Records to use: Begin

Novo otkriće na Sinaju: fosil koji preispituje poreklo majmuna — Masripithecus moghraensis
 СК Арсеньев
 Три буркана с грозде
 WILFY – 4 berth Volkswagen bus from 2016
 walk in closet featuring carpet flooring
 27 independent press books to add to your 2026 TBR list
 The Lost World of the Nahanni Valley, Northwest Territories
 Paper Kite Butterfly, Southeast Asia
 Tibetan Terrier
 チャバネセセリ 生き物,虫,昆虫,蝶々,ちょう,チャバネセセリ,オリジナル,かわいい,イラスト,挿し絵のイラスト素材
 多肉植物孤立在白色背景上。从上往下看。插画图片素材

Records to use: End

### [Required action]
Everything in the material above is to be copied exactly.

### [Result of the task]
Novo otkriće na Sinaju: fosil koji preispituje poreklo majmuna — Masripithecus moghraensis
 СК Арсеньев
 Три буркана с грозде
 WILFY – 4 berth Volkswagen bus from 2016
 walk in closet featuring carpet flooring
 27 independent press books to add to your 2026 TBR list
 The Lost World of the Nahanni Valley, Northwest Territories
 Paper Kite Butterfly, Southeast Asia
 Tibetan Terrier
 チャバネセセリ 生き物,虫,昆虫,蝶々,ちょう,チャバネセセリ,オリジナル,かわいい,イラスト,挿し絵のイラスト素材
 多肉植物孤立在白色背景上。从上往下看。插画图片素材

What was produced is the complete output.